Task directions = Restate exactly, and only, the lines from the one containing "уборщик 42kHz 35W" through the end of the entries, keeping both endpoints.

[Stored items from a collection]
──────

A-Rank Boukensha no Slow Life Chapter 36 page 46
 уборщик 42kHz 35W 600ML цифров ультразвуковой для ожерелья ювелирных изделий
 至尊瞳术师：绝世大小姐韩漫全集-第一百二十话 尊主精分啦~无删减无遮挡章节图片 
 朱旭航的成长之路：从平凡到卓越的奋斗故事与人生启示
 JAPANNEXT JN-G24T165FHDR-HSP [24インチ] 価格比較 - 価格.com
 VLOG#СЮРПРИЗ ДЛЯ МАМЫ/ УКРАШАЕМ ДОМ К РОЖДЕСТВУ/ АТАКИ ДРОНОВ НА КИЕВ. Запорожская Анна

──────

Solution to the problem =
 уборщик 42kHz 35W 600ML цифров ультразвуковой для ожерелья ювелирных изделий
 至尊瞳术师：绝世大小姐韩漫全集-第一百二十话 尊主精分啦~无删减无遮挡章节图片 
 朱旭航的成长之路：从平凡到卓越的奋斗故事与人生启示
 JAPANNEXT JN-G24T165FHDR-HSP [24インチ] 価格比較 - 価格.com
 VLOG#СЮРПРИЗ ДЛЯ МАМЫ/ УКРАШАЕМ ДОМ К РОЖДЕСТВУ/ АТАКИ ДРОНОВ НА КИЕВ. Запорожская Анна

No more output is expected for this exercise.